The technical indicators of the Forex market do not take information from the air; they are all based on some of the markets parameters and the appropriate calculation methods. Each indicator is calculated according to its own rules and there is no need to describe them all. In this article I will try to describe only the actual Forex market parameters that can fully describe the technical side of the Forex trading.
- Trend — a direction of the price movement. Forex market can be in some kind of trend or go sideways. The trend itself can be measured by its direction, starting/ending point, ranges and the inner volatility.
- Volatility — a statistical measure of the number of the price changes over a certain period of time.
- Momentum — a measure of price movement strength in a term of pips per tick.
- Cyclicity — it is hard to measure, but it still exists in the financial markets (and in Forex too) and describes the cyclical nature of some price movement.
- Volume — the number of the transactions (price changes for Forex) in a given amount of time.

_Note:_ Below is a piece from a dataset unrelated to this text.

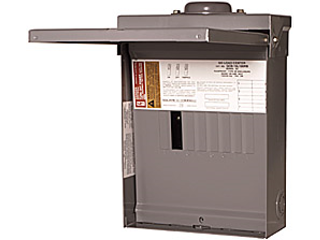 Outdoor Main Lug QO Load Center, 100 Amp 8 Spacer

- Support and resistance levels — they can be hard to spot, but Forex market generally bounces off of them or breaks them with a significant price action.
- Traders expectations — they cannot be seen from charts, but they are the part of the technical picture of the market. Stop and limit orders are the important parameters of the market that should be taken seriously.
Some technical indicators use only one or two of these parameters; very few of the standard MetaTrader 4 indicators use more than two technical parameters. And I do not know any indicators that are based on cyclicity or traders’ positions.